The investigators enrolled 246 advanced HF patients >64 years (61% men; mean age 81 years) from seven centers in the US. After filling out baseline questionnaires, half of the participants were randomized to verbal education plus video and half were randomized to verbal education only.

For the verbal-education arm, the participants were read a description of the following three goals of care: life-prolonging care, limited medical care, or comfort care.

Video Depictions

For the video-assisted intervention, the patients were read the care level descriptions and then shown a 6-minute video on an office iPad. The video depicted scenes from each of the care levels, including intubation on a mannequin and a ventilated patient (illustrating life-prolonging care), patients receiving medication through peripheral intravenous catheter or wearing a nasal cannula in a medical ward (limited care), and oral medications distributed in a home and a home-based patient wearing a nasal cannula (comfort care).

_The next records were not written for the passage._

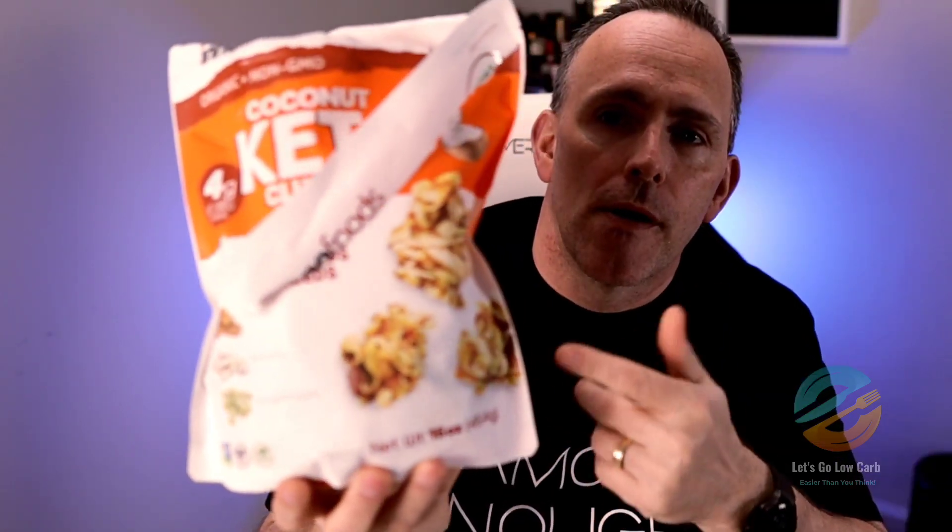If you look at the bag, like I did, and you're thinking those don't look like they taste good — I thought the same thing. But these are really good. I would say on a scale of one to ten, definitely a nine, almost a ten, but not quite there for me. But man, these are freaking amazing.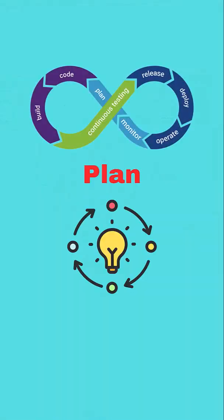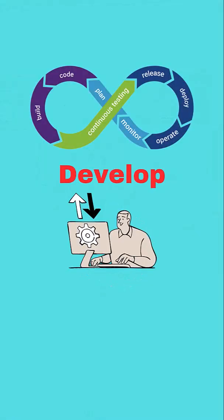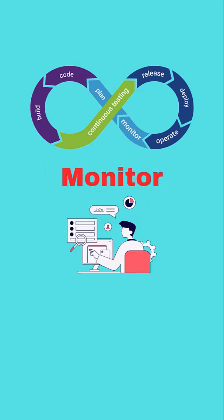It follows a life cycle: plan, develop, test, deploy, monitor, and feedback. Each step uses tools to speed things up and reduce errors.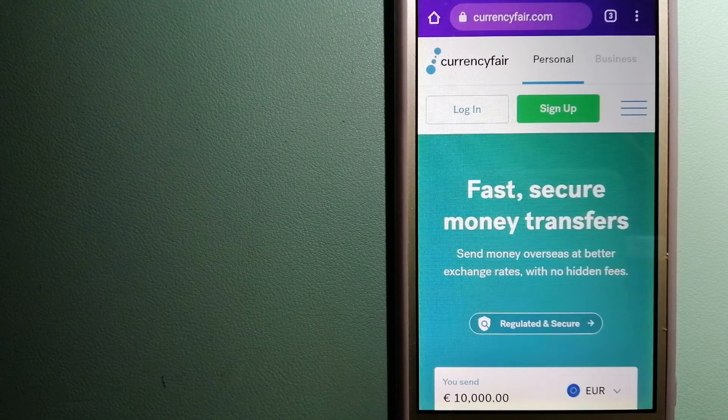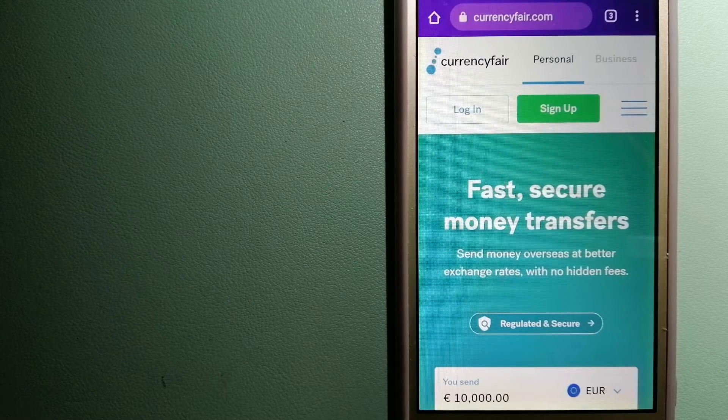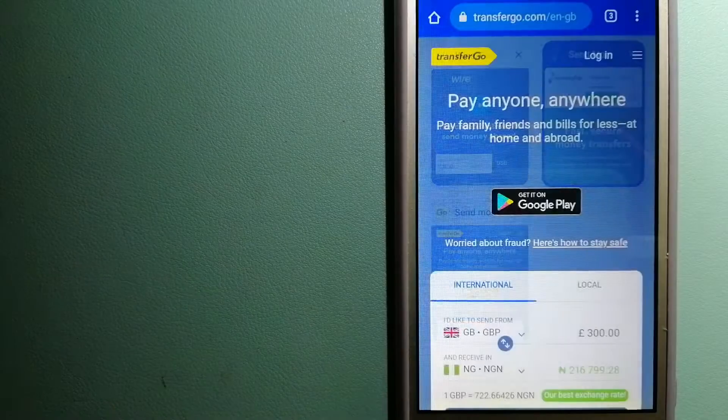We wanted to make sure to have a fast, safe, and secure transaction. Our first option is Currency Fair. This is a peer-to-peer online marketplace that allows individuals and businesses to exchange currencies and send funds to bank accounts worldwide. It uses a unique person-to-person online marketplace to facilitate currency exchange between users in a simple and anonymous fashion. For more information on Currency Fair, check the video description.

A team of cardiology, palliative care, geriatric, and critical-care experts reviewed the video at each step of its developmental process (from scripting through completion) "for accuracy and appropriateness," report the researchers.

After watching the video, the participants were given a checklist about advance-care planning, which they were encouraged to discuss with their personal physicians.

At baseline, the preferred goals of care were statistically similar: 37% of the video group and 31% of the verbal group preferred life-prolonging care; 11% vs 14% preferred limited medical care; and 36% vs 37% preferred comfort care.

After the intervention, as mentioned earlier, significantly more of the video-assisted arm chose comfort care and more of the verbal-only arm chose life-prolonging care. In addition, 25% of the video group vs 22% of the verbal group said they would prefer limited care and 2% vs 7%, respectively, said they were uncertain. Neither comparison was significant.

When asked at baseline if they would want CPR attempts, 54% and 56% of each group said yes vs 31% and 59% who said yes postintervention. In addition, 45% of the video group said yes to intubation at baseline but only 20% said yes postintervention; 41% and 47% of the verbal group said yes at each checkpoint, respectively.

Finally, 40% of the video group vs 6% of the verbal group reported at 1-month follow-up that they had had conversations with their healthcare providers about their goals-of-care preferences. At the 3-month follow-up, the numbers were 61% vs 15%, respectively.

Standardized, Cost-Effective Tool

"Video decision-support tools provide a standardized and cost-effective means to address the immediate communication needs of our healthcare system and to ensure that patients receive care that reflects their well-informed wishes," write the investigators.

El-Jawahri added that the takeaway is that patients who watched the video "were more informed and more knowledgeable about their options, which in turn caused them to make different decisions about what they wanted.

"The message is that this type of tool is a way to augment conversations," she said. "It's a way to empower patients to bring up these issues and to discuss them honestly with their physicians."

The video used in this study is available to view on Circulation's website. El-Jawahri said that although the video was created specifically for this study and that it needs to be further evaluated, clinicians can contact her team directly about using it in further research or even in their practice to open up conversations.

The study was funded by a grant from the National Heart, Lung, and Blood Institute. El-Jawahri reported no relevant financial relationships. Disclosures for the other study authors are listed in the article.